> Exercise inputs
++++

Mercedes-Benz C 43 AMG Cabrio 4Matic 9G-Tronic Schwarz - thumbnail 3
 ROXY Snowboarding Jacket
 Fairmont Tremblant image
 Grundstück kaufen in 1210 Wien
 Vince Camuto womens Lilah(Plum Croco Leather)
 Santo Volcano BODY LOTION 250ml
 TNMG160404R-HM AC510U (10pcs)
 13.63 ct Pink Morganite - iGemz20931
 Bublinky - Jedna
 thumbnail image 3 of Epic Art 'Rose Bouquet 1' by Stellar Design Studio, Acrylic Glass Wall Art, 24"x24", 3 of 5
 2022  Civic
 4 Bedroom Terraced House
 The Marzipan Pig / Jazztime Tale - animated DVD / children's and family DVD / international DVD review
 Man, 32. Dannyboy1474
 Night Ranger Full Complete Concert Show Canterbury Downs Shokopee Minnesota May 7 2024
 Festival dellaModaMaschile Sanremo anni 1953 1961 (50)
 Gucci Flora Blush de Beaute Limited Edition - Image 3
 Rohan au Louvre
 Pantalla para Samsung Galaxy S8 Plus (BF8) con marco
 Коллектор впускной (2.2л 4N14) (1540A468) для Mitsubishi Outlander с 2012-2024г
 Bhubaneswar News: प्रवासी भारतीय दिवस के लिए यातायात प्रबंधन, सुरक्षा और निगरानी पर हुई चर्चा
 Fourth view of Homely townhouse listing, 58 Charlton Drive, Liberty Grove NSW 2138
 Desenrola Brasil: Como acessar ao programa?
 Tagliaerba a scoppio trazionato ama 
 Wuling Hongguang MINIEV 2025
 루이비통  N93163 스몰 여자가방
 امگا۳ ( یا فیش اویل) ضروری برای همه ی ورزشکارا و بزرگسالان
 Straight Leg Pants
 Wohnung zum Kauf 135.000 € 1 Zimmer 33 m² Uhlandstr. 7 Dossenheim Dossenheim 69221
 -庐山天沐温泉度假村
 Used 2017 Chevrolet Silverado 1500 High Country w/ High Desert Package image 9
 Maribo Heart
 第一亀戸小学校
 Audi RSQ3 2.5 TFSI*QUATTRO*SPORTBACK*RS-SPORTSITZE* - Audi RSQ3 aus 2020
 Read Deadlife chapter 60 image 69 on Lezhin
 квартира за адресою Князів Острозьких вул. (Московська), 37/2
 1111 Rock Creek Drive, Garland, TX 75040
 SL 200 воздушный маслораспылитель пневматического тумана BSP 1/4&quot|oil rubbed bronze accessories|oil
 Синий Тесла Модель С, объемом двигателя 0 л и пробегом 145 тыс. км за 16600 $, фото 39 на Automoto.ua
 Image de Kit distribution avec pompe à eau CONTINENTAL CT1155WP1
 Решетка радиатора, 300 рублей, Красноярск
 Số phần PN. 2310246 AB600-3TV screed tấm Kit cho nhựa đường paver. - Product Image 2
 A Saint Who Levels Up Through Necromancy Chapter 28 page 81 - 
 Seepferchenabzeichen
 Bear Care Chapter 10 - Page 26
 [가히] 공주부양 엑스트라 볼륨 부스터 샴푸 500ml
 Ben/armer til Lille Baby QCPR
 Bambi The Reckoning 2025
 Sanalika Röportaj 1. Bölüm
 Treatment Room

++++

> Exercise directions
Check each line of the records for "thumbnail" and copy the ones that contain it.

> Your response
Mercedes-Benz C 43 AMG Cabrio 4Matic 9G-Tronic Schwarz - thumbnail 3
 thumbnail image 3 of Epic Art 'Rose Bouquet 1' by Stellar Design Studio, Acrylic Glass Wall Art, 24"x24", 3 of 5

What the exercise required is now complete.